Filtering ground noise from LiDAR returns produces inferior models of forest aboveground biomass in heterogenous landscapes

I have a new open-access article, “Filtering ground noise from LiDAR returns produces inferior models of forest aboveground biomass in heterogenous landscapes”, out today in GIScience & Remote Sensing.

A very common pre-processing step, when deriving predictors for machine learning models from LiDAR point clouds, is to filter out “ground returns” based on a simple height threshold (where all returns below a certain level are removed). This practice comes from the early days of LiDAR, where researchers were attempting to measure the heights of individual trees using LiDAR returns, and makes a lot of sense in that context; if a return didn’t hit a tree, it probably can’t tell you much about how tall that tree is. But the process stuck around as we moved from modeling trees to forests, and knowing that a return could reach the ground – that it was able to find a gap in the canopy to reach the ground through – might reflect important characteristics of stand openness and therefore structure.

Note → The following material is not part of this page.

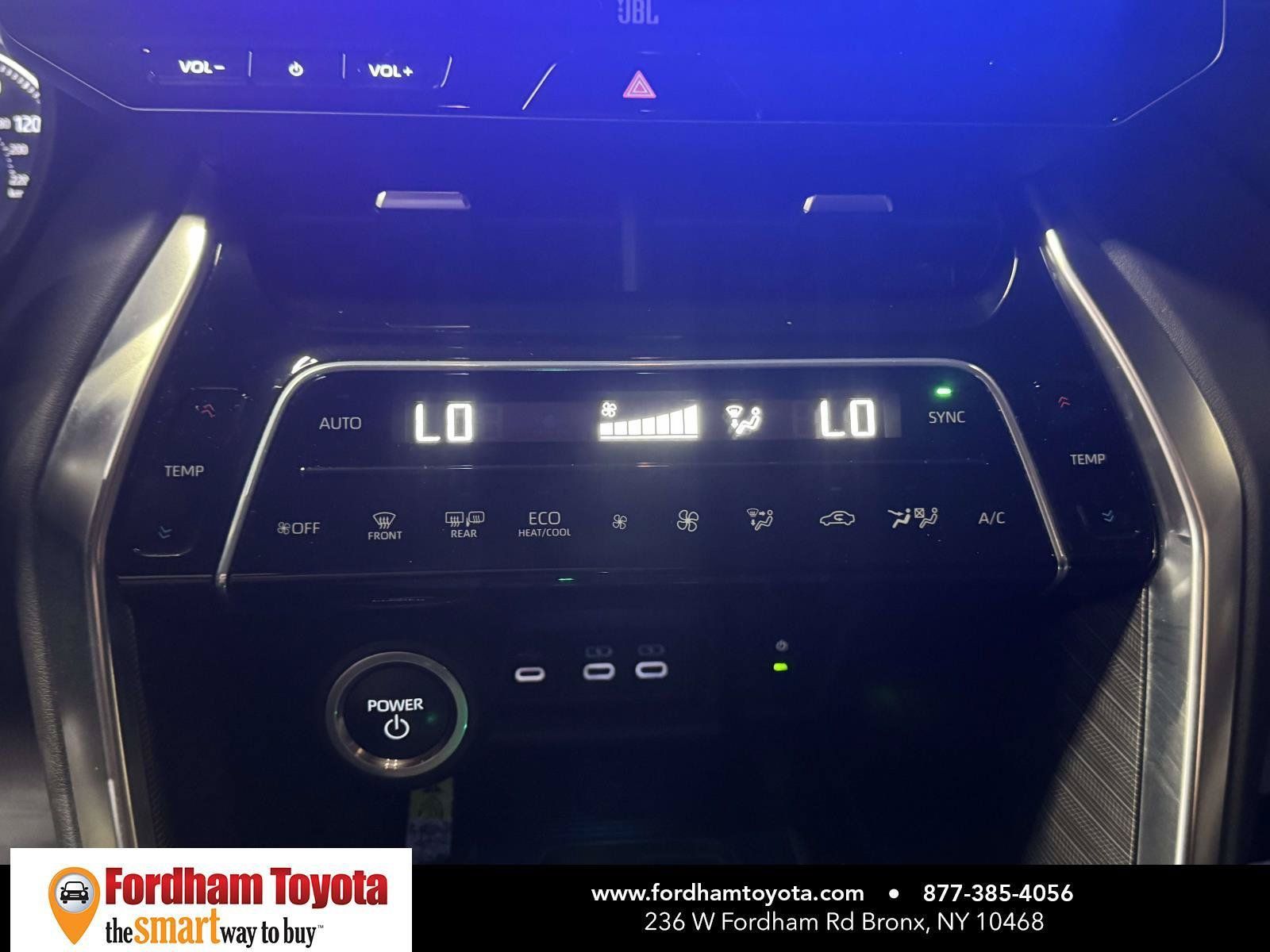 Used 2023 Toyota Venza XLE AWD/4WD image 28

We show that filtering out “ground returns” from LiDAR based on height thresholds biases the derived predictors, and that bias can make predictive models of forest structure (in this case, AGB) worse. Particularly for models attempting to represent mixed landscape types, where gaps in the canopy are more common, filtering ground returns might remove valuable information and result in your model making worse predictions.

Or as the cliche machine might put it: As we move to focus on seeing forests more than trees, it’s time for us to see these data as signal, not just noise.

This was a very fun project, with an awesome team (Lucas Johnson, Eddie Bevilacqua, and Colin Beier). I’m very excited to see this one in press!